Tout, cependant, n'est pas réussi. Le fait est que Abrams, en s'encombrant d'un récit compact, concentre tous ses éléments et ses atouts dans une histoire dont le déroulement est raconté sur le vif comme un long épisode prolongé de série. En posant trop rapidement ses bases pour faire entrer plus vite son méchant dans l'intrigue, Abrams prend le spectateur de vitesse avec un scénario alerte, où l'intégralité du film se déroule sur quelques heures. Un choix qui devient, vers son achèvement, une contrainte qui oblige le cinéaste à balancer le plus vite possible tous ses atouts dans un temps record, là où les grands space opera comme la saga des "Star Wars", savaient sauter de planète en planète, d'intrigue en intrigue, de richesse en richesse filmique, pour mieux surprendre encore vers un grand final. Ce qu'avait à peu près réussi Abrams à faire, peut-être par l'obligation de raconter la genèse des personnages et de bâtir un univers SF crédible, dans son "Star Trek" de 2009.

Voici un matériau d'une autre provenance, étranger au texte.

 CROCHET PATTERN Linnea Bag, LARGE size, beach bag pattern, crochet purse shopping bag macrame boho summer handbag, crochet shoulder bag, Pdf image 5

Car ici, si le rythme est soutenu, Abrams survole ses nouveaux personnages joués par Peter Weller et Alice Eve, au profit de la relation Kirk/Spock. Une fois Benedict Cumberbatch entré en scène sur la planète des Klingons, un deuxième film apparaît, se déroulant dans l'espace pour finir sur Terre, là où le film a commencé. Une irrégularité qui ne nuit certes pas à la cohérence de l'ensemble.

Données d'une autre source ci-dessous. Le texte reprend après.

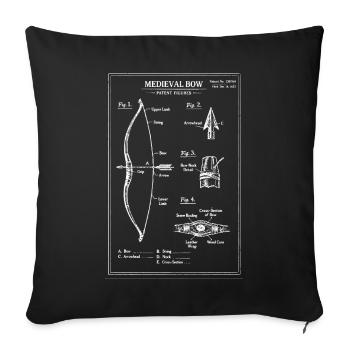Mittelalterliche Bogenzeichnung - Sofakissenbezug 45 x 45 cm - Schwarz - Vorne
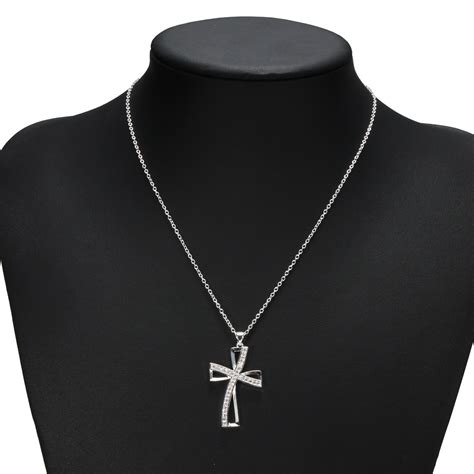 925 Sterling Silver Women Cross Necklace Crystal Chain Jewelry ...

Mais faute d'enjeux forts, car trop alambiqués et finalement décevants, à mille lieux de ce que l'on nous annonçait comme une chasse à l'homme épique, "Star Trek Into Darkness" perd de l'intérêt au fur et à mesure que l'on se rend compte que le prétexte du terroriste John Harrisson n'est... justement qu'un prétexte à une succession de tableaux sentimentalistes de l'équipage de l'Enterprise. En privilégiant, avec réussite tout de même, les relations de ses personnages, Abrams fait une croix sur le personnage de Benedict Cumberbatch, pourtant fort d'un charisme impressionnant, d'un visage aux yeux reptiliens hypnotiques. S'il s'en sort haut la main comme prévu, il est dommage que son personnage soit si survolé et que le film ne tourne finalement pas autant autour de lui. Car il est bien l'attraction de chacune de ses apparitions, que j'aurais préféré plus épiques.

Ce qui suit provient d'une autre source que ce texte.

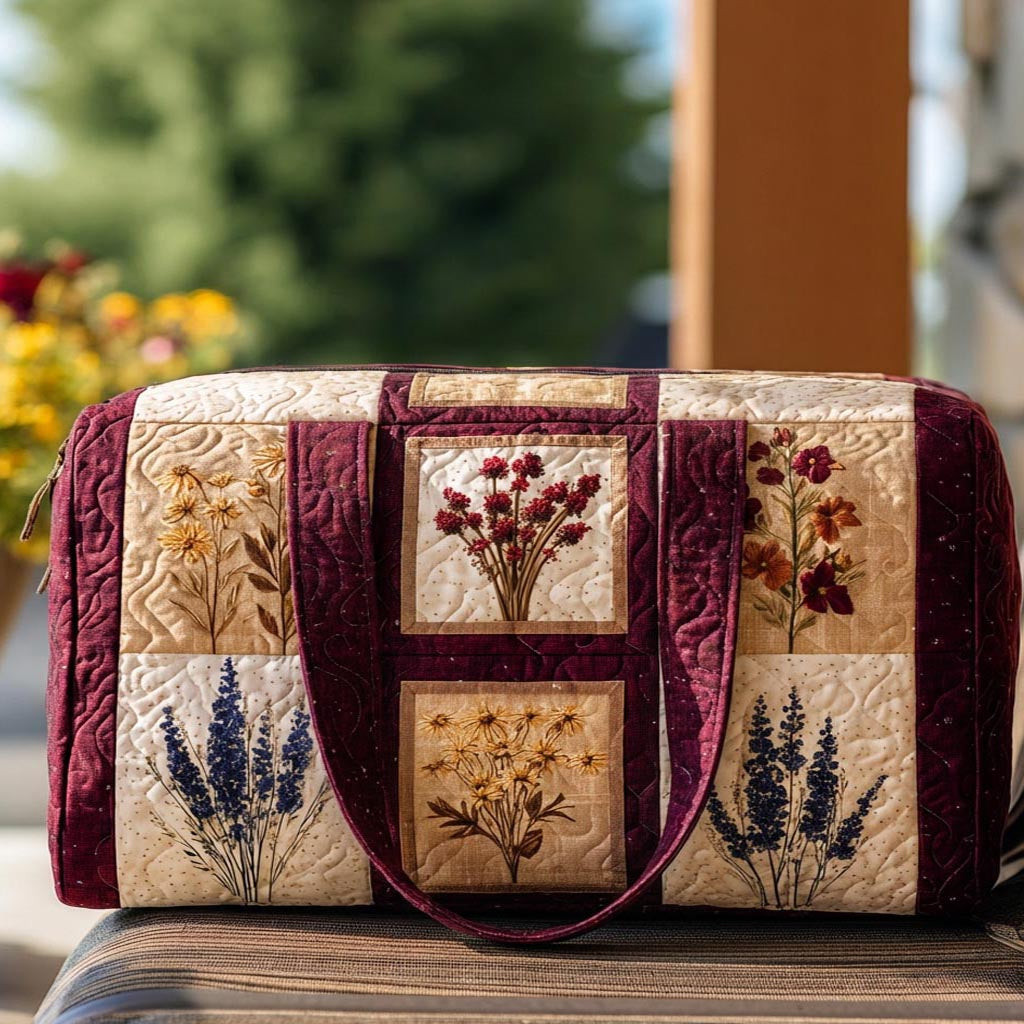 Garden Calm Quilted Duffle Bag Floral Nature Travel Bag Best Gift For Garden Lovers Camping Outdoor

Reste que, malgré son cadre de temps restreint très "serial", le récit et l'exécution qu'en fait Abrams forment un grand moment d'aventure et de science-fiction. Pas aussi haletant que le promettait son antagoniste, mais tout de même fortement recommandable. Car malgré ces quelques déconvenues, les scènes de l'attentat suicide quasi muet ou celle bien plus bruyante sur la planète des Klingons resteront surement longtemps en tête. Tout comme le visage de Benedict Cumberbatch, méchant mémorable que j'espère revoir dans le prochain volet. Car oui, SPOILER il ne meurt pas. Et c'est étonnant.